I used to confront my fears at least on the written page and either make fun of them or exaggerate things into some sort of Fiction. It was easy to write from a Place of pain but twist it to seem as if none of it was real. Now those “Demons” are silent, or I am just at an age where I no longer hear them. Then again it couldĀ  be that I finally years ago when they silenced married my soulmate which allowed things to finally click into place. Now I am not saying that the last soon to be 19 years has been easy or without Pain but it has been nothing like when I would write every day and just VOMIT all this Poison and Vitriol out. Hell if I was still writing everyday I would be impressed. I still have stories and things but I can’t justify in my mind the time between Work and Family to actually do any of it, and if I have the time then I find some other distraction to take its place.

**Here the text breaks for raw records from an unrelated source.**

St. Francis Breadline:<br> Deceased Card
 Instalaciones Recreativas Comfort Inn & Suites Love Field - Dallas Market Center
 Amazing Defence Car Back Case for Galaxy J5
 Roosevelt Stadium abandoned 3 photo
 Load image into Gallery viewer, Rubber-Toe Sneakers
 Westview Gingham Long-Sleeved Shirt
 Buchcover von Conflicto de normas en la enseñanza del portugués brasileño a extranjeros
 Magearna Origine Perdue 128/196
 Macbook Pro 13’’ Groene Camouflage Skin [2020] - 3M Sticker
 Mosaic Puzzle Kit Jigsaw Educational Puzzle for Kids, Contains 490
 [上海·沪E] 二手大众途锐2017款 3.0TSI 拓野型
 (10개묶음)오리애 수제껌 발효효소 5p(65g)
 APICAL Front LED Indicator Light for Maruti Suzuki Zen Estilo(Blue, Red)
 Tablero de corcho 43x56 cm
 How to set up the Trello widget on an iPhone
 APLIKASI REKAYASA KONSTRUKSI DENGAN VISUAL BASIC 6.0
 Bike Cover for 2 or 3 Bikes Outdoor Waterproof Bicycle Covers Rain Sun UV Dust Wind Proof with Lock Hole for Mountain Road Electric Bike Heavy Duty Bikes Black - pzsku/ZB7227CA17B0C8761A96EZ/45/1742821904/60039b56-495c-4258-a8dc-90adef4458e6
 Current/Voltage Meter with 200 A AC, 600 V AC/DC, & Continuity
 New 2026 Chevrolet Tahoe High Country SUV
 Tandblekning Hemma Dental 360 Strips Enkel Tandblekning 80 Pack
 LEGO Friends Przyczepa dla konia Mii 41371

I lack discipline and I know it. The thing is if I truly could find a way within my own head to feel good about shutting myself in and write I could most likely do it. I have done it actually at least for a time. Perhaps as I have said before this will become a place for me to start that everyday writing again. Or at least every so often writing.

I have no drama with my life so there will be none of that when I write but I am going to try and get back to my Poetry and Story writing as well. Since Daily posts of me talking about Going to work, going home, and Cooking dinner ETC is just boring and even I would not want to read any of that.